RECORDS SHOWN:
########################################

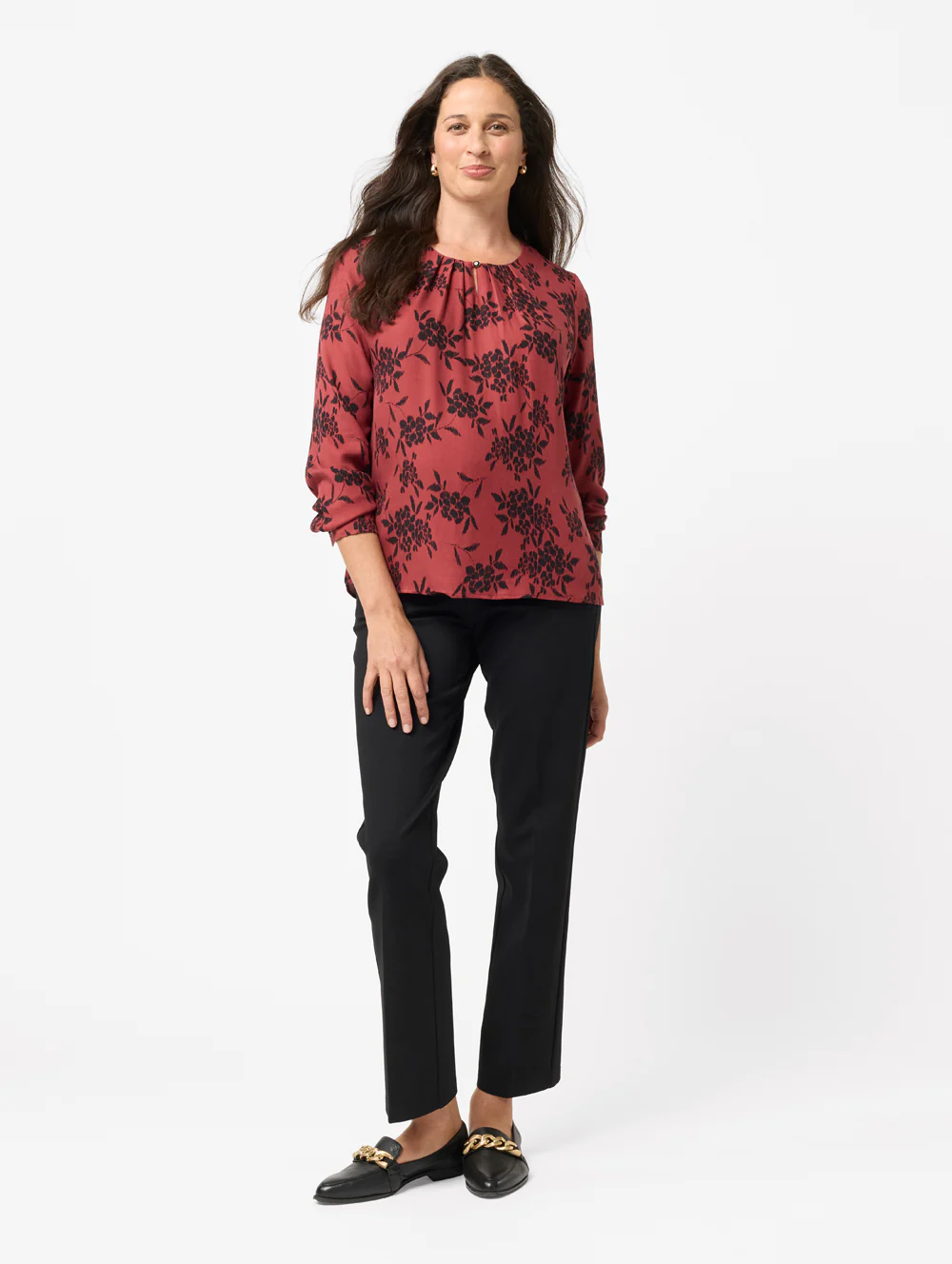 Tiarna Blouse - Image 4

########################################

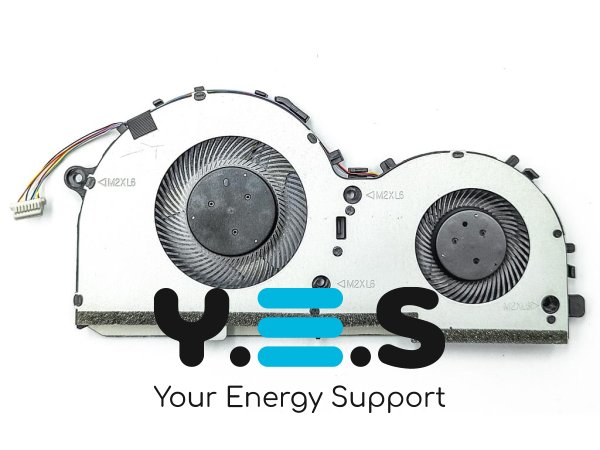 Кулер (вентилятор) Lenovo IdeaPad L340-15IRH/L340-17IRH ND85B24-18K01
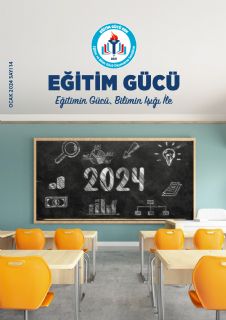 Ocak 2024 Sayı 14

########################################

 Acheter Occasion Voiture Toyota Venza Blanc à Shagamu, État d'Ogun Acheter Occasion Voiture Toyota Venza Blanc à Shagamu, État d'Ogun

########################################

DESCRIPTION OF THE TASK: Word for word, write out the lines above running from the one with "Кулер (вентилятор) Lenovo" up to and including the one with "Ocak 2024 Sayı 14". Drop any picture.

SOLUTION TO THIS EXERCISE:
 Кулер (вентилятор) Lenovo IdeaPad L340-15IRH/L340-17IRH ND85B24-18K01
 Ocak 2024 Sayı 14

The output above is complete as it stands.